Statistical, or pseudo-statistical are everywhere around us. Many of the media articles quoting statistical or survey data are accompanied by graphs, and statistical graphs are also essential part of scientific and business reports.
But are all statistical graphs useful? How to rate a graph one sees and how to know that a graph one made is useful to others?
A good graph makes it easier for the reader to understand the content and interpret the meaning of the information, while at the same time staying faithful to the data. Bad graphs are either unclear and hard to decipher, or distort and manipulate the data.
Graphs should be clear and not require extra effort to decode: Is it clear what the axes and data series represent? Is there enough information to be clear but not too much so the graph is not too busy or cluttered? Are colours and patterns used easy to tell apart? There should be a legend for anything that has more than one series, and axes should be clearly described with what they represent and units of measurement.

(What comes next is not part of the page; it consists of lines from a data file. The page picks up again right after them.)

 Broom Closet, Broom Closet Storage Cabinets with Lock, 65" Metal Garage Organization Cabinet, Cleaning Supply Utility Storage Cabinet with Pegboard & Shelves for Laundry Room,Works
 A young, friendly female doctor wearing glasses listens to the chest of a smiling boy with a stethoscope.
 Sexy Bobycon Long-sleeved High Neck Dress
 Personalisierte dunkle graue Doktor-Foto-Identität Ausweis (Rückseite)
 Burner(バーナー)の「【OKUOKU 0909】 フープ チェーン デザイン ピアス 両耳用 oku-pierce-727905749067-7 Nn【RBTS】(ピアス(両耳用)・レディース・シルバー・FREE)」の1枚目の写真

Graphs should be of the type and style suited to the character of the data and commonly used . For example, figures in a pie chart have to add to 100%. Time is usually represented on the horizontal axis and moving it onto the vertical one will make people struggle.
Points of crossing of the axes should be clear: it’s normally assumed to be at zero, and if it’s not it should be made clear what the intersection point is.

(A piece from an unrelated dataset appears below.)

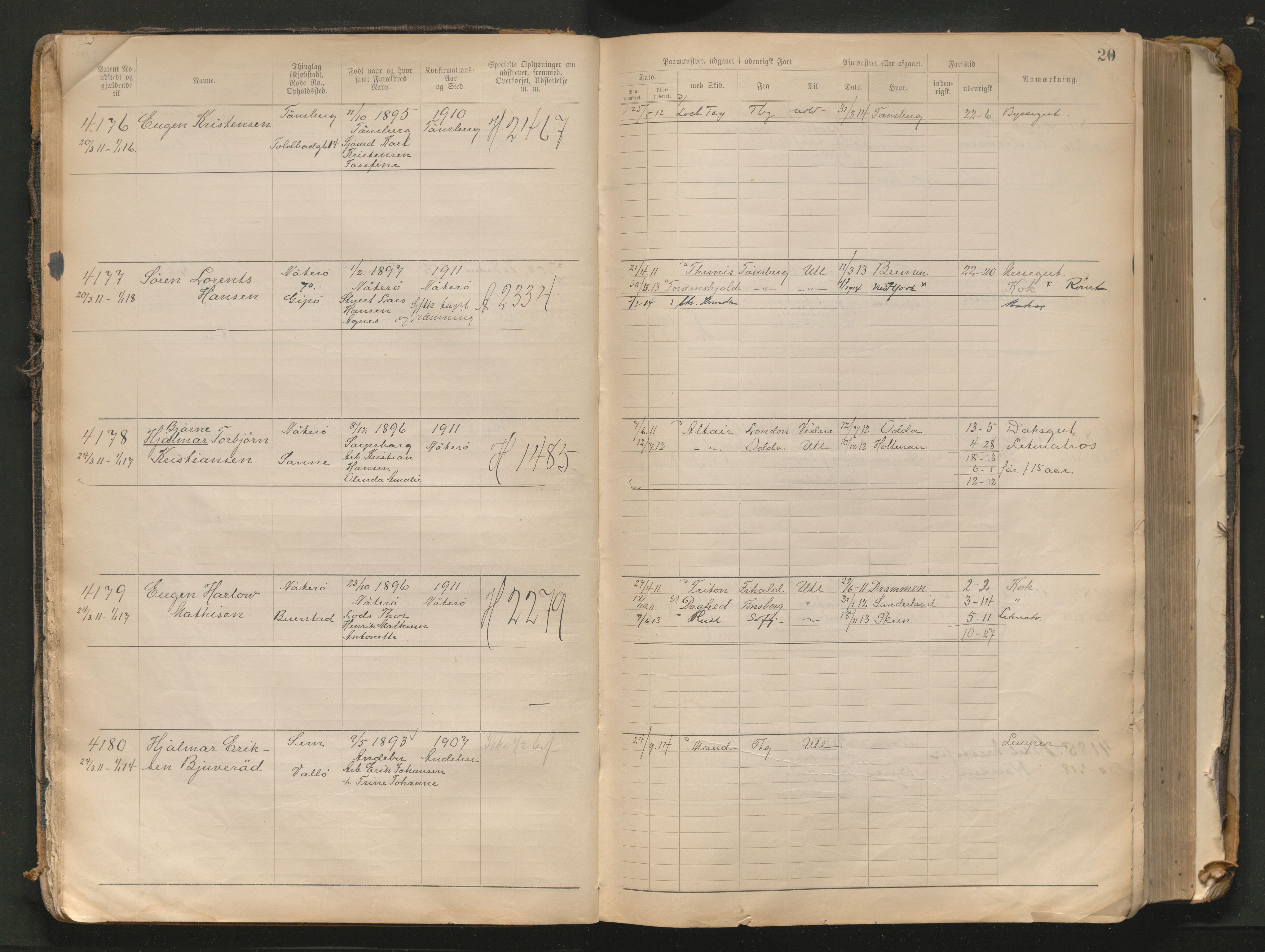 Tønsberg innrulleringskontor, AV/SAKO-A-786/F/Fb/L0010: Annotasjonsrulle Patent nr. 4081-4988, 1911-1948, p. 20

The distances on the graph should be proportional to the distances in data. If there is a need to “condense” the data, a clearly indicated log scale should be used, not a manipulation that means that an inch at some point of the scale means twice as much as an inch at another point.
Any differences depicted, and particularly, any differences emphasised in the graph should be statistically significant. Scientific papers often present graphs regardless of whether the results obtained in the experiment were statistically significant, but this should be avoided in graphs for popular science books or media use.

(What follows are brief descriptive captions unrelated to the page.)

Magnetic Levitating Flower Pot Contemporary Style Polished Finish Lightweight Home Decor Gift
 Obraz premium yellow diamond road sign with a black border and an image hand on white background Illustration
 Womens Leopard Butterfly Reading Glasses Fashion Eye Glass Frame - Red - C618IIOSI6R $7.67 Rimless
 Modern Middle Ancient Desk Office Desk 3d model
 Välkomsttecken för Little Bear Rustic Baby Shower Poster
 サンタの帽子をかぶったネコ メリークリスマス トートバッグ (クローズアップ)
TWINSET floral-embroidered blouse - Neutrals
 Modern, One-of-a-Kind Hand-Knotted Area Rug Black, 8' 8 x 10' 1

Differences should not be emphasised unduly and by distorting the scales or picking a chart format that would do that.
All relevant data should be presented in the graph, but no irrelevant data should be shown. A good graph is a balanced trade off between relevance and completeness.
Graphs with two Y axes should be avoided, unless there is a clear relationship between two variables represented on those axes and unless this relationship would not be prone to distortion by manipulating the scales used.